> **Exercise inputs**:

= = =

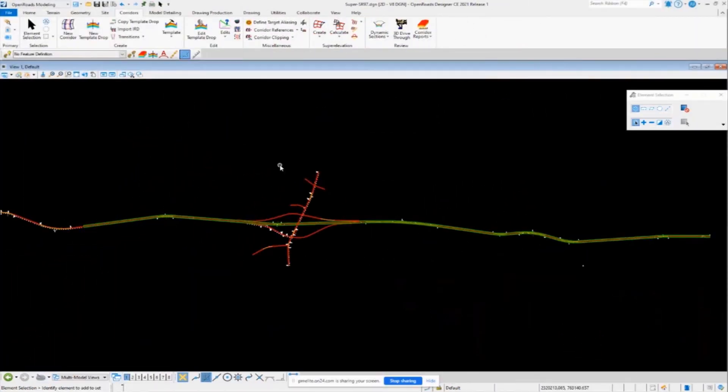Now I want to demonstrate a slightly different approach to calculating your super elevation. I know there's a lot of people out there that like to calculate their super elevation in a spreadsheet and just import it into the software.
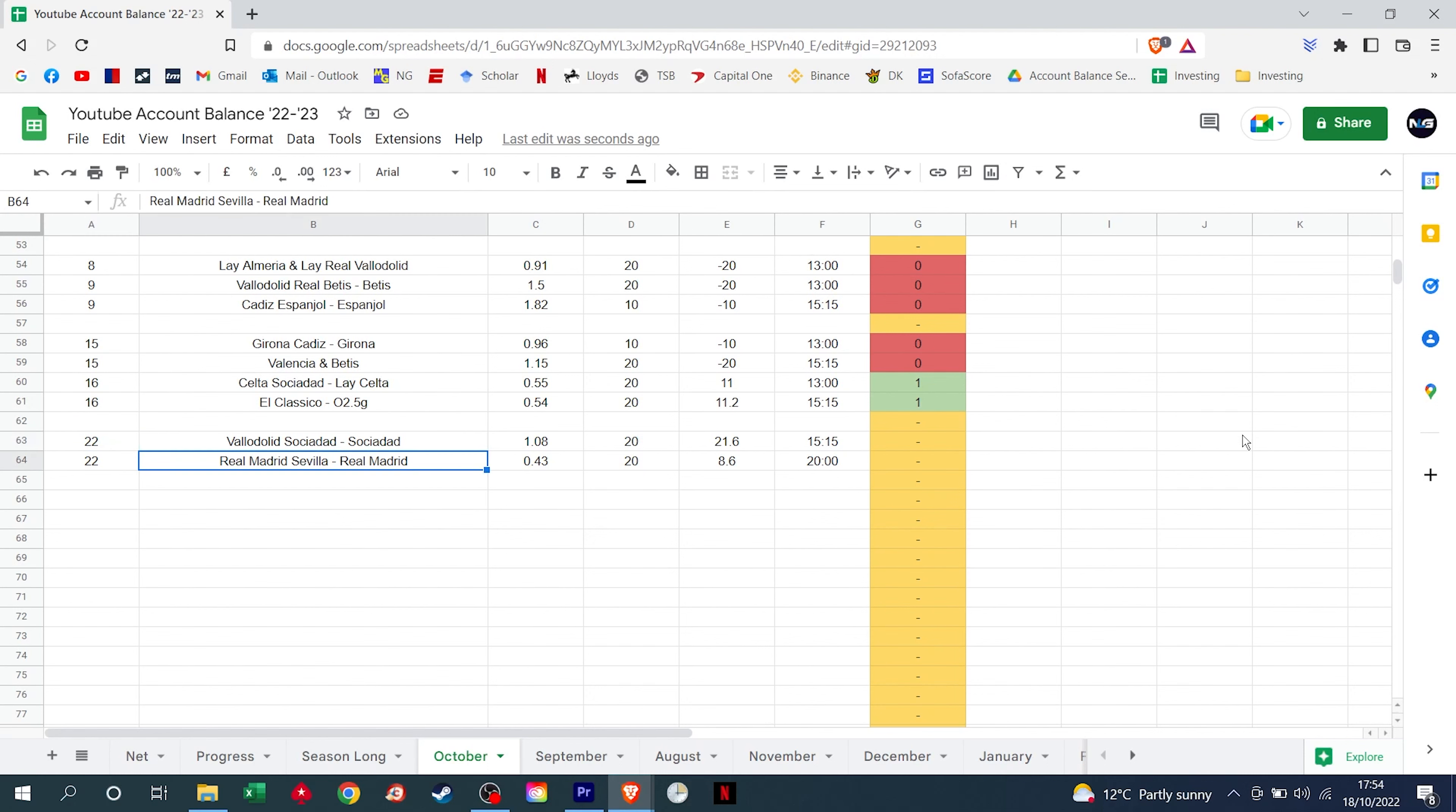We do also have, in the evening on Saturday, Real Madrid to beat Sevilla. Odds are currently 0.43, but we're hoping that will drift to about 0.55, 0.6 before kick-off. If not, we're still going to take a profit of £8.60 should that come in.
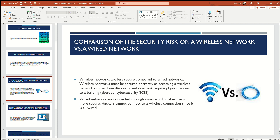The next question is a comparison of security risks on a wireless network versus a wired network. Wireless networks are less secure compared to wired networks. Wireless networks must be secured correctly, as accessing a wireless network can be done discreetly and does not require physical access to the building. We talked about war driving in DQ1 — war driving is very easy if done correctly. If someone is rolling by your house or a corporate building and they are able to remotely locate the Wi-Fi and gain access to it, they will have basically full access to your infrastructure.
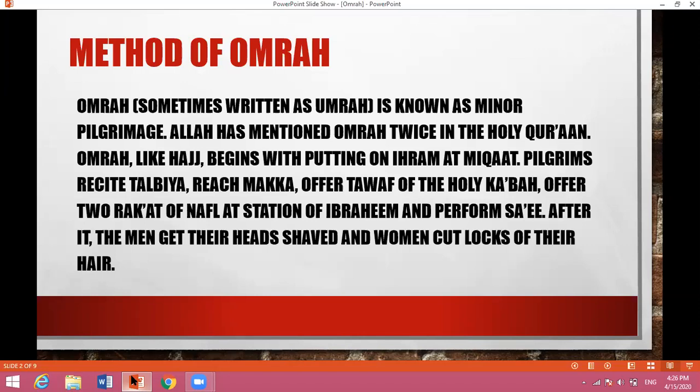Umrah, which is known as minor pilgrimage, is mentioned twice in the Holy Quran. Like Hajj, Umrah begins with putting on Ihram at Miqat. Pilgrims recite Talbiya, reach Mecca, offer Tawaf of the Holy Kaaba, offer two Rakat of Nafli at the station of Ibrahim, and perform Sai. After this, the men get their heads shaved and the women cut locks of their hair.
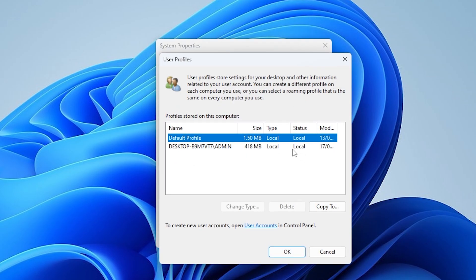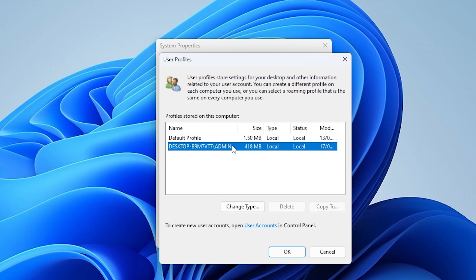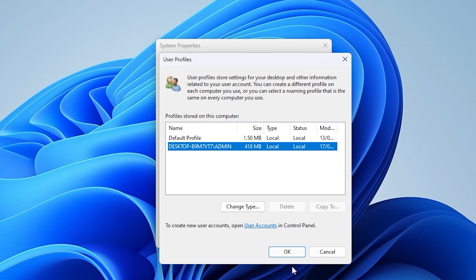A list of all User Profiles stored on the System will appear. Here you will see the list of domain user profiles available for removal. Select the domain user profile you want to remove. Click on the Delete button to remove the selected profile.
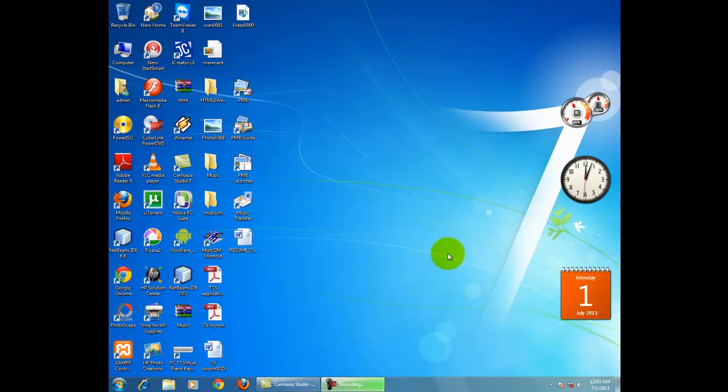Hi, I am Joyson. This video shows how to automatically power on your computer without pressing the power button. There are two methods.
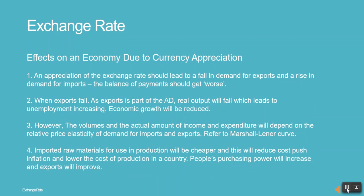An appreciation of the exchange rate should lead to a fall in demand for exports and a rise in demand for imports, meaning the balance of payments should get worse.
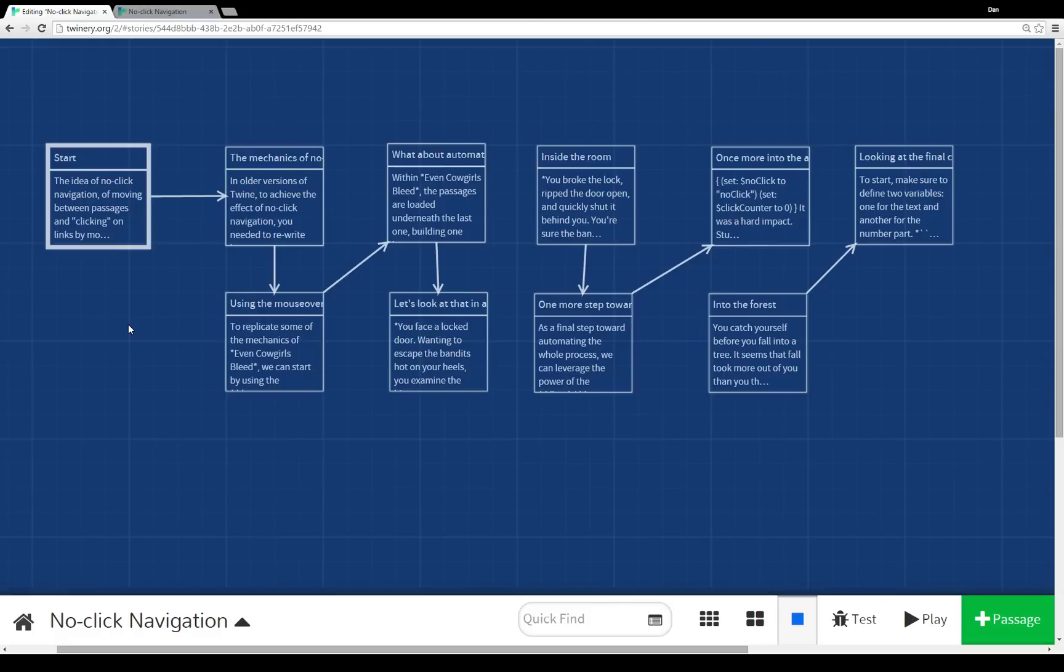Welcome to a tutorial video on Twine 2.0. In this video, I'm going to talk about no-click navigation.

= = =

Once the line with "A list of all" is found above, transcribe each line from it through the line with "Hi, I am Joyson.", exactly, and omit the pictures.

A list of all User Profiles stored on the System will appear. Here you will see the list of domain user profiles available for removal. Select the domain user profile you want to remove. Click on the Delete button to remove the selected profile.
Hi, I am Joyson. This video shows how to automatically power on your computer without pressing the power button. There are two methods.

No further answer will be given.